### ABOUT THIS EXERCISE
Exactly the lines below, starting with the one containing "บ้านสวยสำหรับสมาชิก 4 คน" and going on through the one containing "Used 2016 Mercedes-Benz AMG GT S image 5", must be reproduced, both ends included, and no pictures with them.

### INPUT FOR THIS TASK
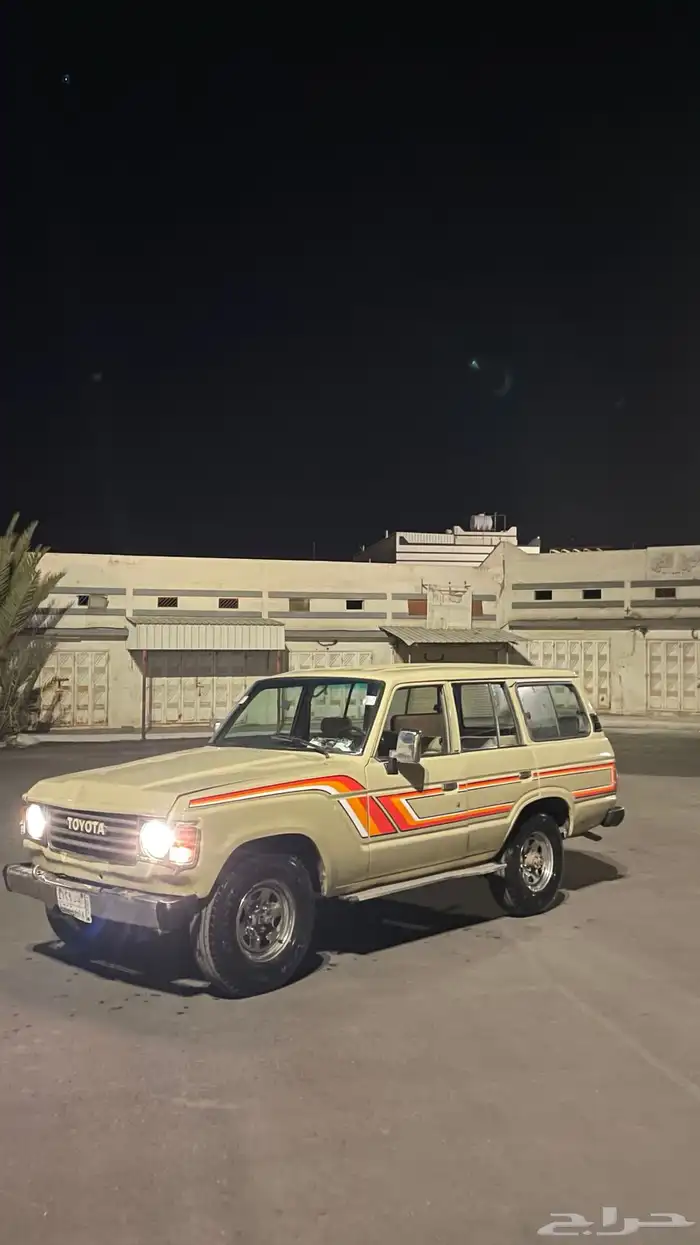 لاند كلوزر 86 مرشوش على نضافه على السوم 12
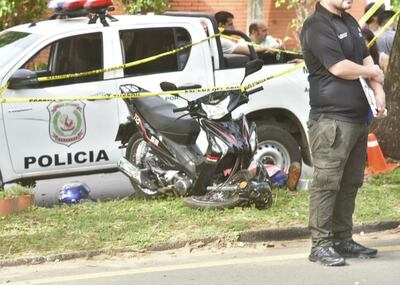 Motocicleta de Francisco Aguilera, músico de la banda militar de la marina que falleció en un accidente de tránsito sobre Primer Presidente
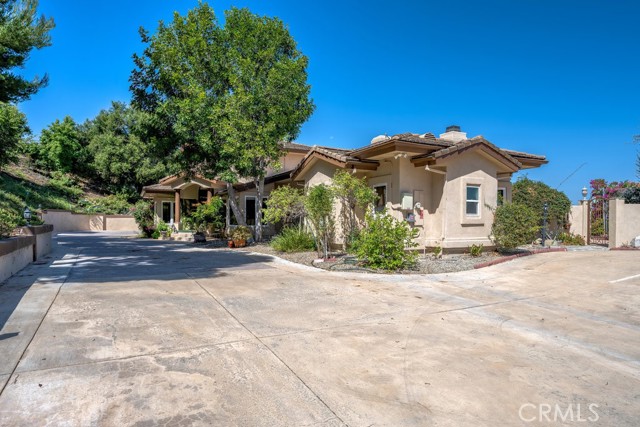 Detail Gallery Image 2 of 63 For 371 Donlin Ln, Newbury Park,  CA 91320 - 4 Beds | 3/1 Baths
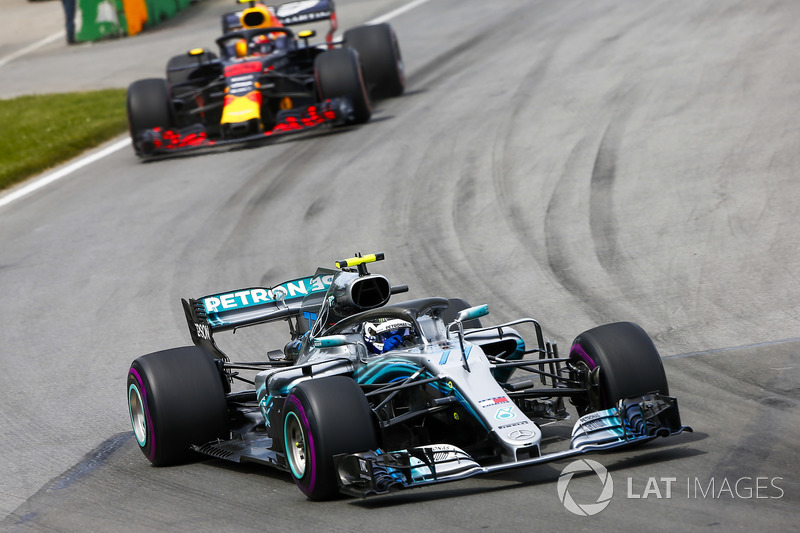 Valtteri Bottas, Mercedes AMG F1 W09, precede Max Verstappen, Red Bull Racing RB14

--

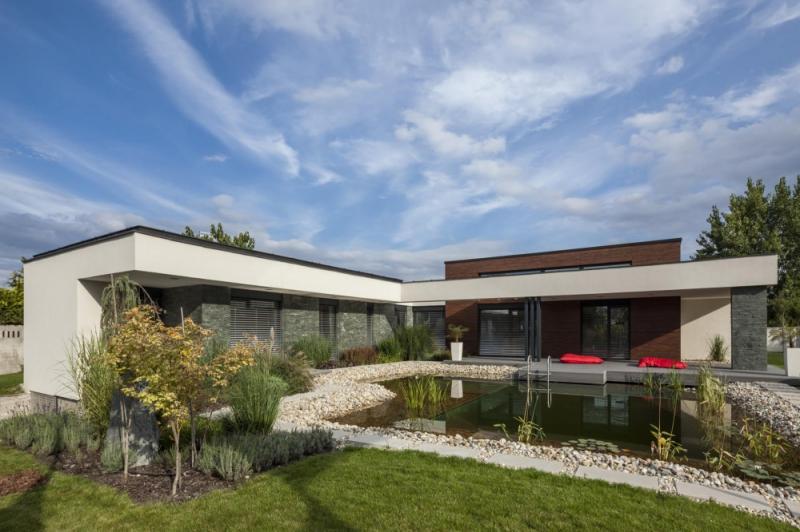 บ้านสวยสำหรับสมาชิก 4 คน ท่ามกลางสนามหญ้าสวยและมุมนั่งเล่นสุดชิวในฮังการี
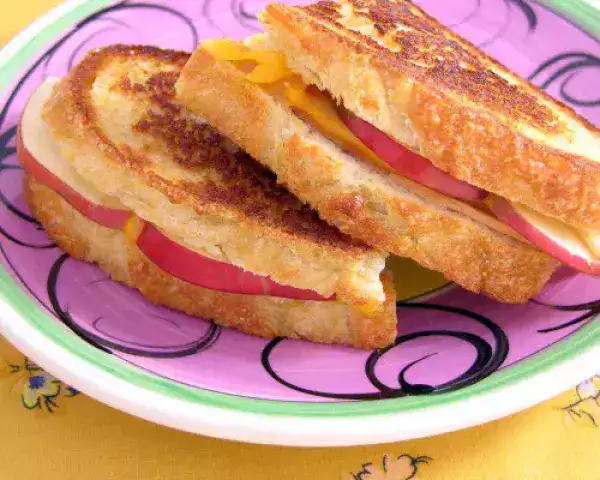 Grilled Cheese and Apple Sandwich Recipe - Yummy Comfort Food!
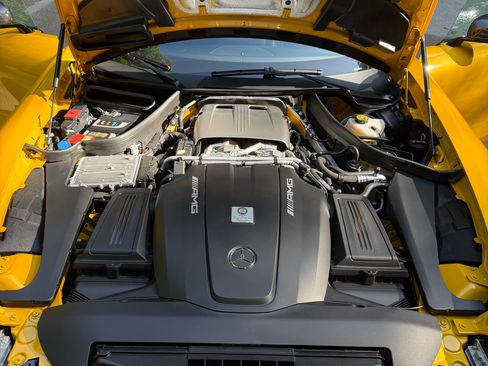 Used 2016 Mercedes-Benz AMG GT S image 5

* * *

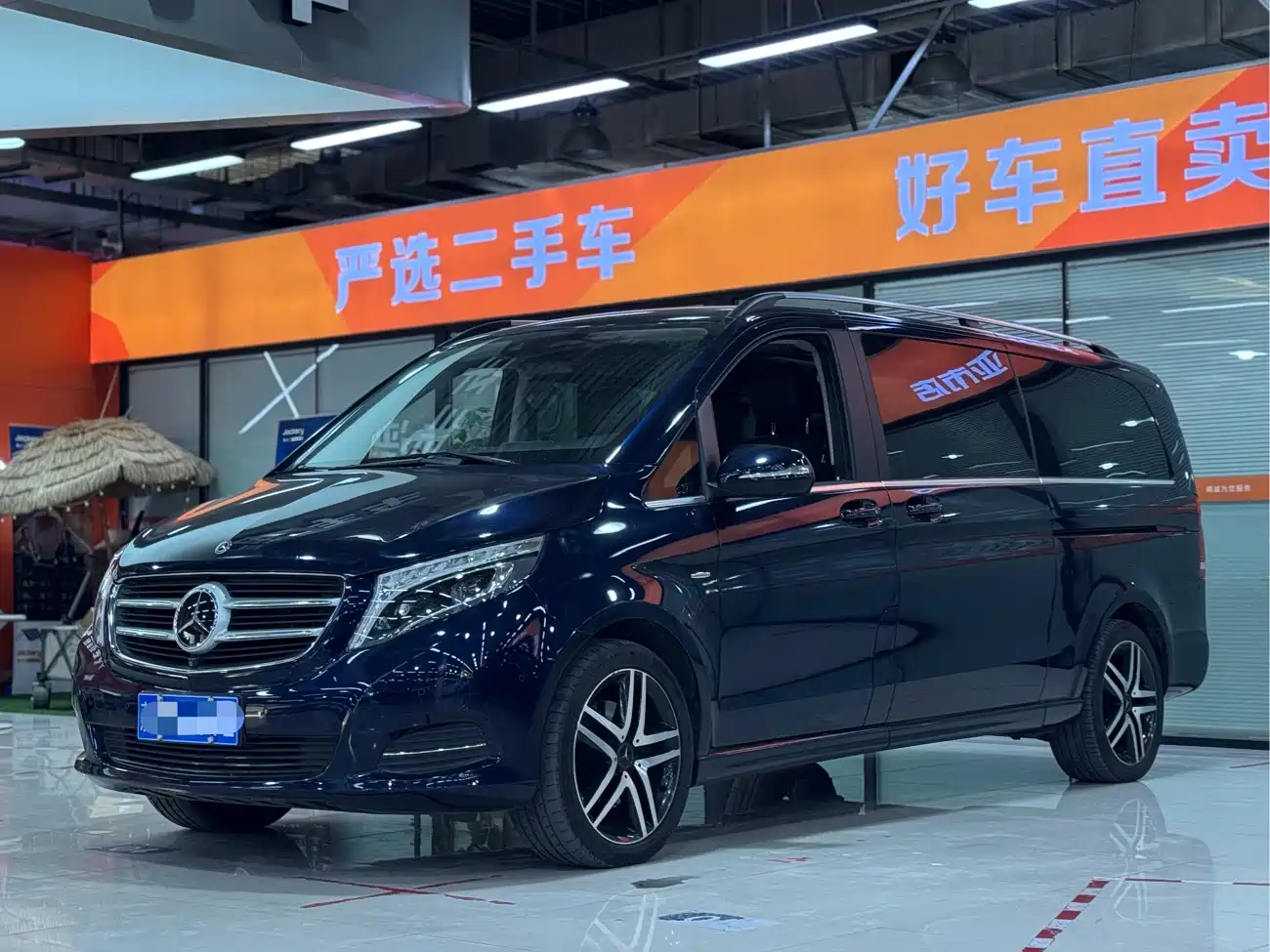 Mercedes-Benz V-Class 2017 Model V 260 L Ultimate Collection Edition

### RESULT OF THE EXERCISE
 บ้านสวยสำหรับสมาชิก 4 คน ท่ามกลางสนามหญ้าสวยและมุมนั่งเล่นสุดชิวในฮังการี
 Grilled Cheese and Apple Sandwich Recipe - Yummy Comfort Food!
 Used 2016 Mercedes-Benz AMG GT S image 5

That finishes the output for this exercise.